In this discussion, unlike all other critiques of anti-Copernican arguments, Galileo is not really refuting the argument. Rather, he is admitting that the changes in stellar appearances due to the Earth’s heliocentric revolution are not observed, and he is elaborating a research program designed to detect them if they exist. His elaboration consists of a theoretical analysis of the details of such observational consequences, and of practical suggestions for making the observations. Such a research program was indeed followed in part by subsequent astronomers, such as the Englishman James Bradley, who discovered stellar aberration in 1729; and the German Friedrich Bessel, who measured an annual stellar parallax in 1838.
The Fourth Day examines a topic which Galileo had been hinting at in several previous passages—the problem of explaining why tides occur. He makes it clear at the outset that he is going to explain this phenomenon on the basis of the Earth’s motion, and that this explanation will provide a novel argument in favor of the Copernican hypothesis that the Earth moves.
Galileo also makes it clear that this tidal argument for the Earth’s motion is different from his previous pro-Copernican arguments because it involves physical considerations about terrestrial phenomena, whereas those others have all involved astronomical considerations about the heavenly bodies.
Terrestrial physical phenomena had been extensively discussed in the Second Day, in the context of the criticism of the mechanical objections to the Earth’s rotation. But that criticism showed only that the physical phenomena being appealed to could take place on a moving Earth, not that they provide evidence in favor; in other words, that criticism merely refuted the anti-Copernican arguments, without yielding pro-Copernican ones. On the other hand, the tidal motion of the sea is different from the other terrestrial mechanical phenomena: according to Galileo, whereas the latter could occur on both a motionless and moving Earth, the former could only occur on a moving Earth; and this is what yields a pro-Copernican argument.
The discussion begins with a description of the most basic facts about the tides. The phenomenon consists of three kinds of basic motions of seawater: up and down motion, such as the vertical rising and falling of the water level visible inside a harbor, along the sides of a pier; back and forth motion, such as the horizontal water currents observable in certain straits or narrows; and a combination of these two, such as the ebb and flow that takes place in some beaches and shallow coastlines, in which the water alternates between both rising and flowing inland, and dropping and flowing outward to sea. Moreover, these basic tidal motions occur in accordance with various cycles, the most important and noticeable one being the diurnal period: the water usually rises or flows in one direction for about six hours, and then it drops or flows in the opposite direction for another six hours.
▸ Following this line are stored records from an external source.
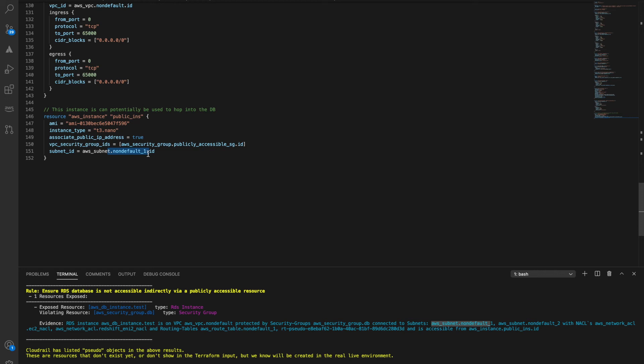CloudRail is able to handle all of this because it is ingesting the plan file and taking your live and build environment into our context database.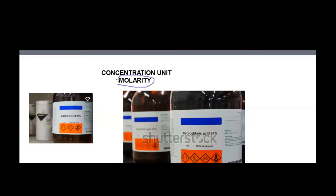About molarity, we are going to study. If you read the label of bottles of concentrated sulfuric acid, as you can see in front of your screen, sulfuric acid is 98%. Or you might have seen some bottles on which they have label 18 molar — 18 M.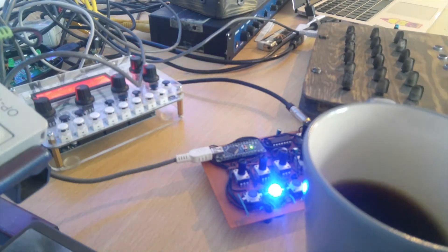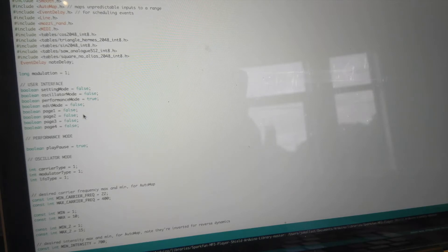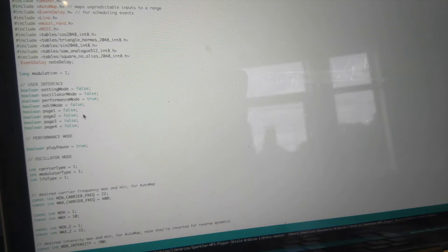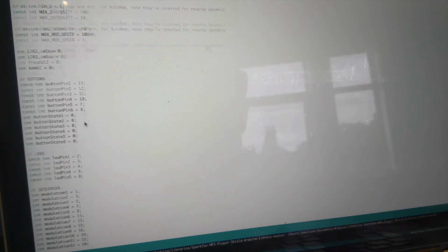I'll get over to the computer now and show you. This is the code. I used something called the Mozzi library, which allows an Arduino to be turned into a software synthesizer. You can even add effects, filters, delays — you can do all sorts of things within the hardware limitations of the Arduino platform itself. I'll try to get into this in the future as well, just as a simple software synthesizer.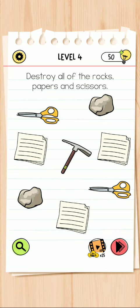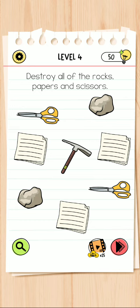Hello guys, welcome back to my YouTube channel Atik Gaming Channel. So today I am starting the Brain Test All Star Level 4. Level 4 is destroy all of the rocks, papers, and scissors.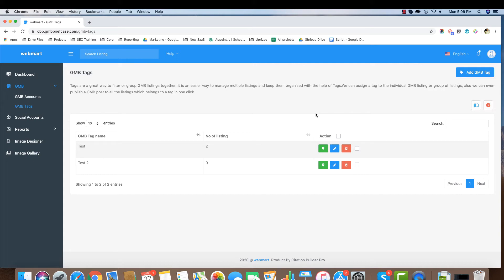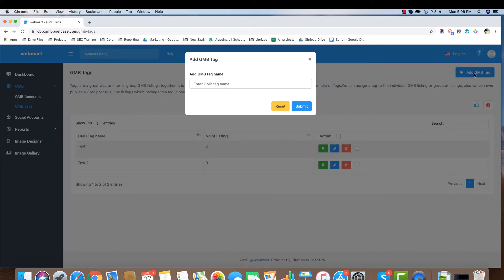Let's create a tag by clicking on Add GMB Tag button. Enter the tag name and click on Submit.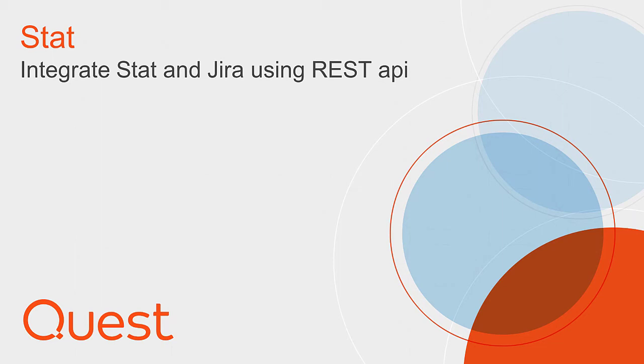Hello, my name is Yuri Denshek. In this video I will demonstrate how STAT can be integrated with Jira.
So during the twenty-four hours of a single day, there are two high and two low tides separated by six-hour intervals, and there are two full cycles of 12 hours during each of which the water exhibits all the motions that characterize a particular location.
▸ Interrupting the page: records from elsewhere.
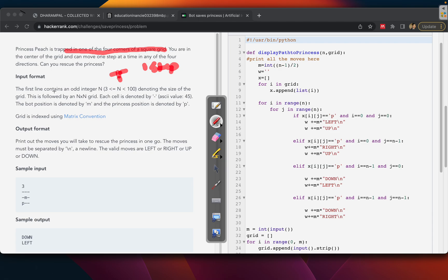The first line of input contains an integer n, which is the size of the grid. It can range from 3 to 100 or any size. For example, if n equals 3, we will have a 3×3 grid, and the princess can be in any of the four corners.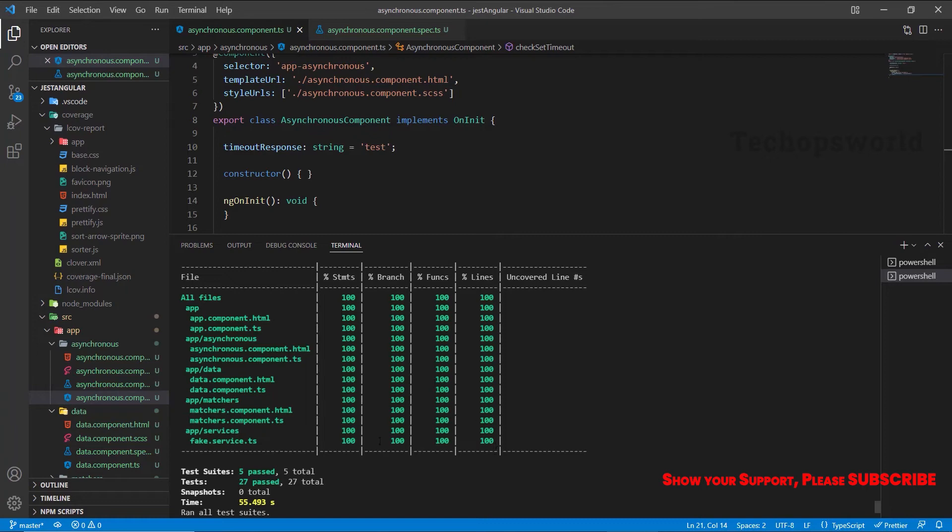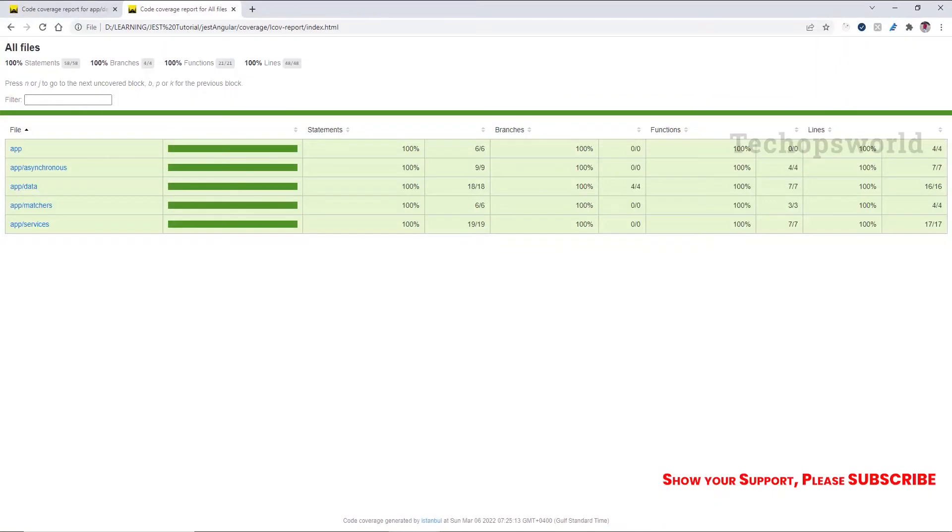We will also learn asynchronous testing, testing services, components and observables, and also timers. And we will also see how to cover branches and do 100% unit code coverage for statements, branches, functions and lines for the whole project.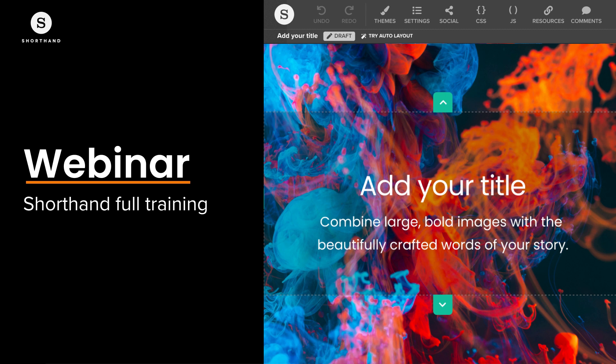Hello everyone and thank you for joining this Shorthand full training session. This session will cover what Shorthand is and why it's used and trusted by the world's leading brands, how to use Shorthand, and best practice tips and tricks. This session will last around an hour and a half. We'll save time for a Q&A at the end, so if at any point you have questions about section types, plans, pricing, or anything like that, please pop it into the Q&A box. We'll also follow up with links and resources you can explore afterwards.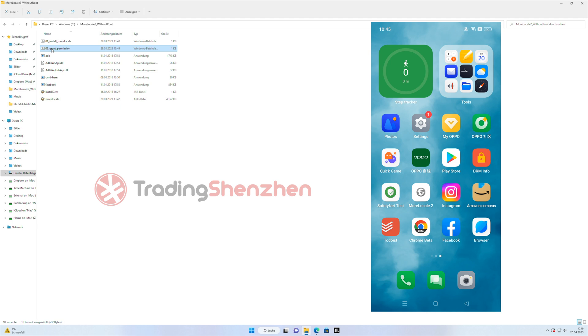I hope you liked the tutorial. If you have some questions, just post it into the comments and if you like it, give it a thumbs up. Thanks, your Trading Shenzhen team.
This phenomenon had puzzled mariners and thinkers from time immemorial, and various attempts had been made to explain why seawater exhibits such motions. Galileo gives a brief critical review of the main alternative explanations. Some had tried to explain the tides as a result of an attraction exerted by the Moon toward the water directly below. This explanation was in part supported by the well-known and undeniable fact that there is a correlation between the daily motion of the Moon and the tides. Yet Galileo dismissed such an explanation for two reasons. First, lunar attraction would produce the same tidal motion in all parts of a given sea, for example, both in Venice at the northwestern end of the Adriatic Sea and in Dubrovnik at the southeastern end of the same sea; but that is not the case. Second, he regarded the lunar-attraction account as methodologically inappropriate, insofar as attraction was an “occult” property involving a magical view of nature and the resulting explanation would be tantamount to explaining a phenomenon by giving a name to it. At one point, he even chides Kepler for his “childish” belief in a lunar-attraction theory. The irony is of course that the lunar-attraction explanation turned out to be essentially correct; Isaac Newton explained the tides in 1687 in terms of the law of universal gravitation and the different gravitational forces exerted primarily by the Moon (but also by the Sun) on different parts of the oceans and land.
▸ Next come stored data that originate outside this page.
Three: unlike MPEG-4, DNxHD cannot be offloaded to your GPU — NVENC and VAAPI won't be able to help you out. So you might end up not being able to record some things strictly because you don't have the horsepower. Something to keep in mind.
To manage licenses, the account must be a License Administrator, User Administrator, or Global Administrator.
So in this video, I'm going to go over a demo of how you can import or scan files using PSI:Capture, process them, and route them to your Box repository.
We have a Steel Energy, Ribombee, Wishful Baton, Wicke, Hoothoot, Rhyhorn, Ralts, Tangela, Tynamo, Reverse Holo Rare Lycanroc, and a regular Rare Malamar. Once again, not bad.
The first step in Galileo’s own explanation is to show that when a container of water undergoes acceleration or retardation, the water experiences vertical up and down motions at the extremities and horizontal back and forth motion in the middle part of the container. Labeling such movements tidal-like motions, and taking the term acceleration in the strict general sense that includes retardation as negative acceleration, the first step is to state and support the generalization that acceleration causes tidal-like motion.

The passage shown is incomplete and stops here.